Diese Zuordnung der die Berechnung des Wertes des Streitgegenstands betreffenden Sätze zu allen nunmehr drei im zweiten Absatz des § 500 ZPO geregelten Wertaussprüchen wäre vermutlich auch vom Revisionswerber nicht bezweifelt worden, wenn diese Sätze dem seit der Zivilverfahrensnovelle 1983 in drei Ziffern gegliederten ersten Satz dieses Absatzes nicht ohne eigenen Absatz unmittelbar angefügt worden wären.

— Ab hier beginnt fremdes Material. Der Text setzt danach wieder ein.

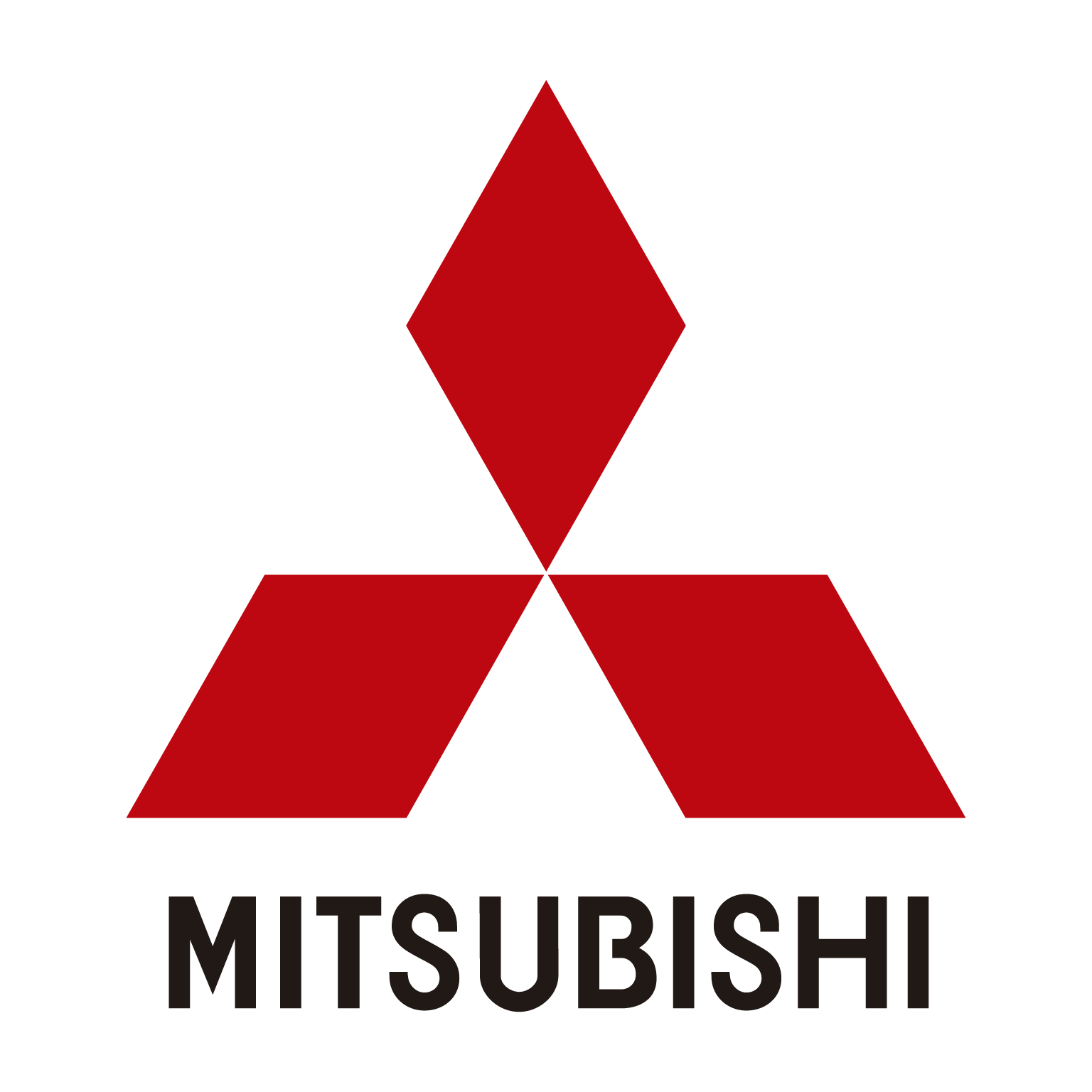 escudo mitsubishi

Der Anregung des Revisionswerbers, beim Verfassungsgerichtshof einen Antrag auf Prüfung der Verfassungswidrigkeit des § 500 Abs 2 (Z 2) ZPO zu stellen, war daher nicht zu folgen. Da der Streitgegenstand der Oppositionsklage, in der das Erlöschen eines auf Erwirkung von Handlungen gerichteten Anspruchs geltend gemacht wird, nicht in einem Geldbetrag besteht, hatte das Berufungsgericht einen Ausspruch über den Wert des von der Bestätigung betroffenen Streitgegenstands vorzunehmen, ohne dabei an den vom Kläger in der Oppositionsklage entsprechend der vom nunmehrigen Oppositionsbeklagten als Kläger im Titelprozeß angegebenen Höhe seines Interesses an der eingeklagten persönlichen Leistung des nunmehrigen Oppositionsklägers als angegebenen Betrag von 70.000 S gebunden zu sein. Es kann daher nicht gesagt werden, daß das Berufungsgericht bei der Berechnung des Wertes des Streitgegenstands gegen die im § 500 Abs 2 ZPO festgelegten Bewertungsgrundsätze verstoßen hätte.

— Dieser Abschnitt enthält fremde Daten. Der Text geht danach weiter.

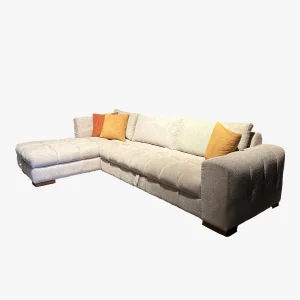 Aden Corner Sofa Bed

Das Revisionsgericht ist daher an den Ausspruch des Berufungsgerichts nach § 500 Abs 2 ZPO gebunden.

Deshalb war die nach § 502 Abs 3 ZPO unzulässige, im Wiedereinsetzungsantrag überflüssigerweise wiederholte (EvBl 1964/367) Revision zurückzuweisen.

Die beklagte Partei hat die Kosten ihrer Revisionsbeantwortungen selbst zu tragen, weil sie in der ersten Revisionsbeantwortung keine Einwendungen gegen die aus der Revisionsschrift erkennbare Verspätung derselben und gegen die Zulässigkeit im Sinne des nunmehrigen Zurückweisungsbeschlusses erhob (der Beklagte erklärte darin ausdrücklich mit einer Wertannahme über 60.000 S einverstanden zu sein), und weil eine zweite Revisionsbeantwortung unzulässig war.